**MATERIAL FOR THIS EXERCISE**
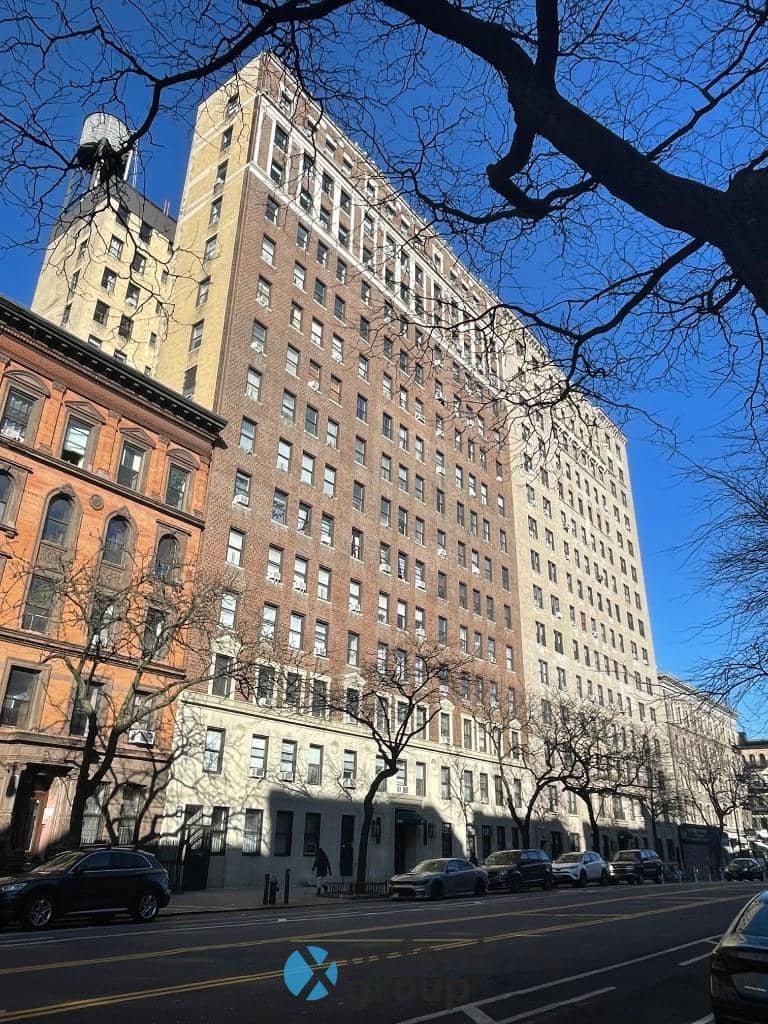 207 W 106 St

==

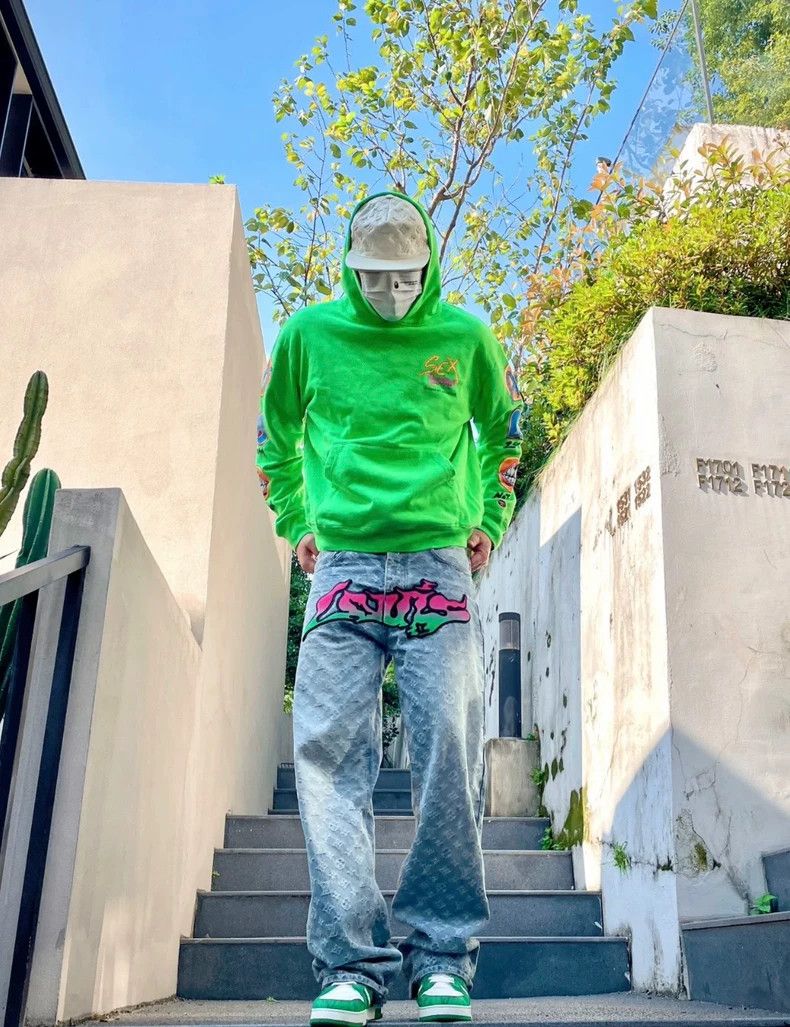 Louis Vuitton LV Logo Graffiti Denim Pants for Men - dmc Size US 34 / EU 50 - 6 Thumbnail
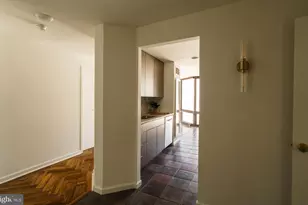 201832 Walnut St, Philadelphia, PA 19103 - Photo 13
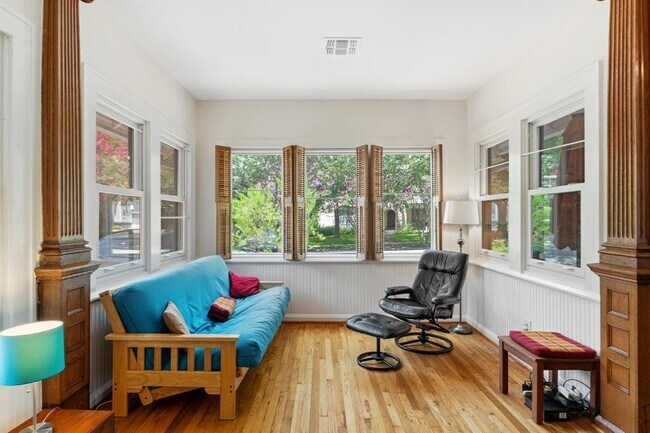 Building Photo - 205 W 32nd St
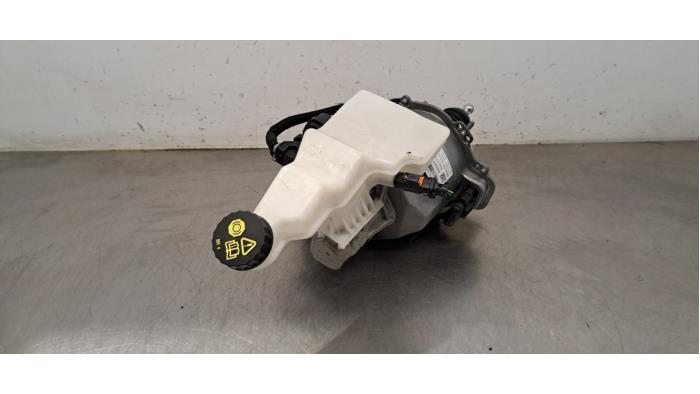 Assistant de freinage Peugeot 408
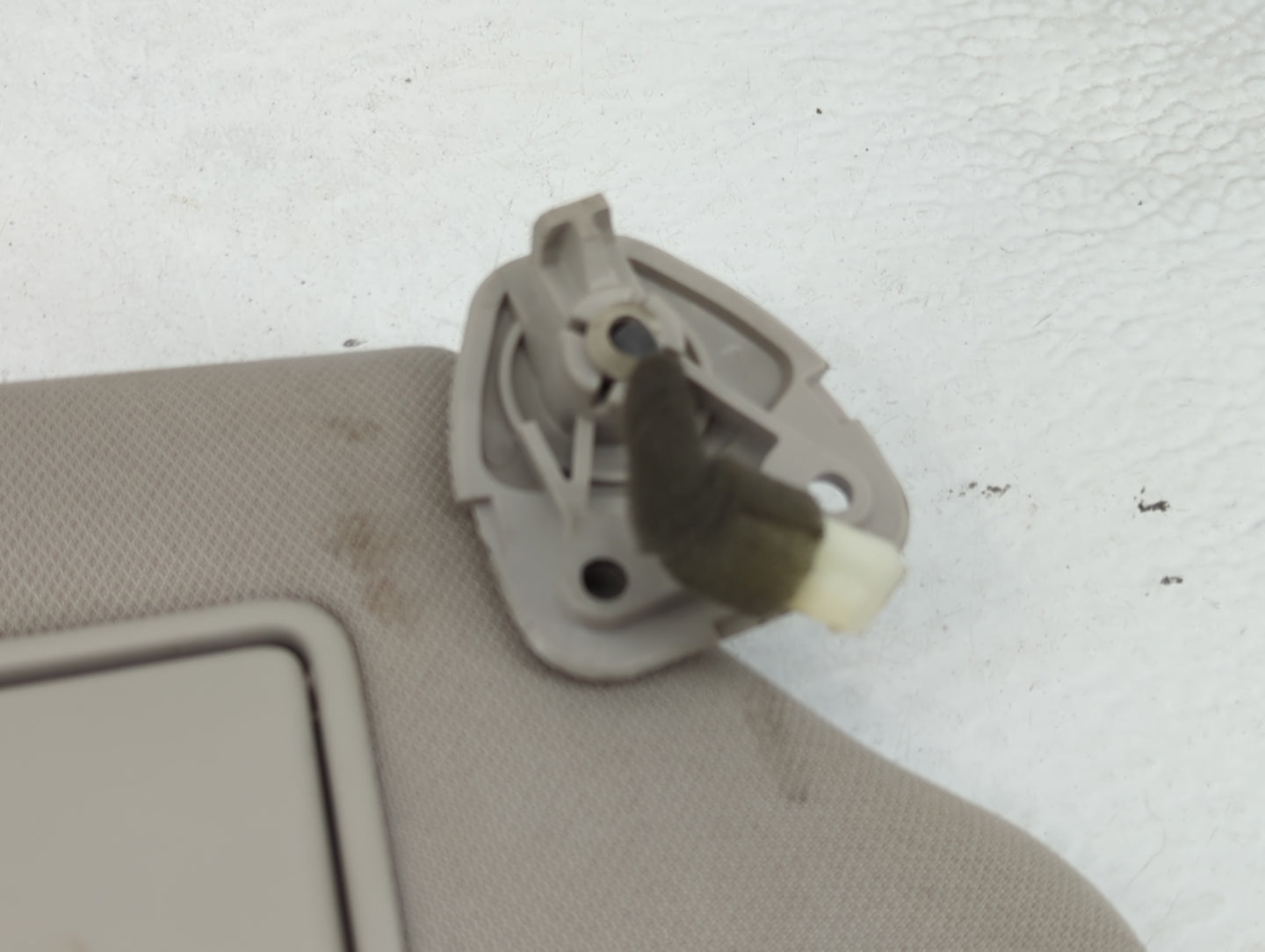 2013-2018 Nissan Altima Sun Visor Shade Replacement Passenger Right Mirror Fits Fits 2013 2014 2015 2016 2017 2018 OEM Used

--

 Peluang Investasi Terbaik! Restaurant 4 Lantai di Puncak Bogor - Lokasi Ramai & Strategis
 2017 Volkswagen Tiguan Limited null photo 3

**TO DO**
Return the lines above from the one with "Building Photo - 205 W 32nd St" through the one with "2013-2018 Nissan Altima", verbatim and nothing else. Omit every picture.

**RESULT OF THE TASK**
 Building Photo - 205 W 32nd St
 Assistant de freinage Peugeot 408
 2013-2018 Nissan Altima Sun Visor Shade Replacement Passenger Right Mirror Fits Fits 2013 2014 2015 2016 2017 2018 OEM Used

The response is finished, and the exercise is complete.